Lo que obtuve al vaciar el saco era esto: un cuerpo delgado y pálido ensagrentado por las heridas que le practiqué al matarlo. Abrí como siempre el tórax con unas grandes tenázas broncíneas. Las costillas al partirse producían un leve chasquido al astillarse, un fuerte hedor a cuerno quemado y un fortuito clac final al cerrarse las crucetas metálicas con apliques de recubrimiento gomoso y un muelle que forzaba la estructura de tijera atornillada y luctuosamente engrasada. Al practicar esta operacion varias veces sobre los huesos y tendones, mi mano diestra se resentía y con tanto ímpetu y deliberación había realizado el macabro desmembramiento que sin apenas apercibirme de mi error, había pellizcado levemente el pellejo de piel que separaba dedos indice y pulgar.

Siempre realizaba parecido procedimiento. Practicaba un largo tajo con el cuchillo maestro, desde justamente debajo del cuello hasta el torneado pubis de la víctima. Al abrirlo todo era indistinguiblemente rojizo. Era realmente complejo encontrar los distintos órganos que entonces urgían para mis macabros experimentos. En esta ocasión, tambien me fue harto difícil encontrar riñones e hígado. Una vez extraidos los metía en agua clara para desprenderles los coágulos y los restos pegagosos que se adherían a pieza. Las visceras , los pulmones, el corazón etc, eran arrancados de cuajo con ambas manos, sin preocupación alguna por apoderarse de ellos intactos. Normalmente estos restos los tiraba sin mayor dilación, ya que ni siquiera mis animales los querían. Me limite en separas extremidades, cabeza y cuello, y finalmente el torso del que arrancaba la espina dorsar, dándole la vuelta. En el interior había una sustancia muy sabrosa. Luego reservaba las partes más tiernas para cocerlas aparte.

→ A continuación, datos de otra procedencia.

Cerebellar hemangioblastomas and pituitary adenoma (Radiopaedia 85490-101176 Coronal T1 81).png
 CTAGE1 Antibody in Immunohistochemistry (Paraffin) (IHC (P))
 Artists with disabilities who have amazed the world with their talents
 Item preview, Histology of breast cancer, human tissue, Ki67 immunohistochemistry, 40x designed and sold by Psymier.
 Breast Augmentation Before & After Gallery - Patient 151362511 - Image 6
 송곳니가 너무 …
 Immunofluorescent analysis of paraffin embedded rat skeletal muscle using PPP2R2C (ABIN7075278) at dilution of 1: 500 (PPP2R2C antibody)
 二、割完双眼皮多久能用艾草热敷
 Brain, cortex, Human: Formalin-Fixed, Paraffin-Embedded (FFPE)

Me entretuve apartándole bien las nalgas y explororándole el ojo del culo. Le deslizaba la polla hasta la empuñadura y me corría con fuerza, una vez descargado la mantenía dentro durante un lago rato. Aquella situación me producía fiebre, el cuerpo inerte de mi compañero de luctuosas y trasnochadas fechorías lúbricas, todavía emitía un leve, pero suficiente calorcillo. Tenía miedo de que una vez muerto y despedazado se me cagara encima, pero me aseguré de que no lo hiciera, ya que mi polla solamente atravesaba el orificio del culo y poco más, luego mi prepucio entraba el contacto con un absoluto, vacío, luctuoso, y libre de excrecencias. Luego aquel culo servía para ser asado y con una guarnición, ingerido y muy provechosamente digerido.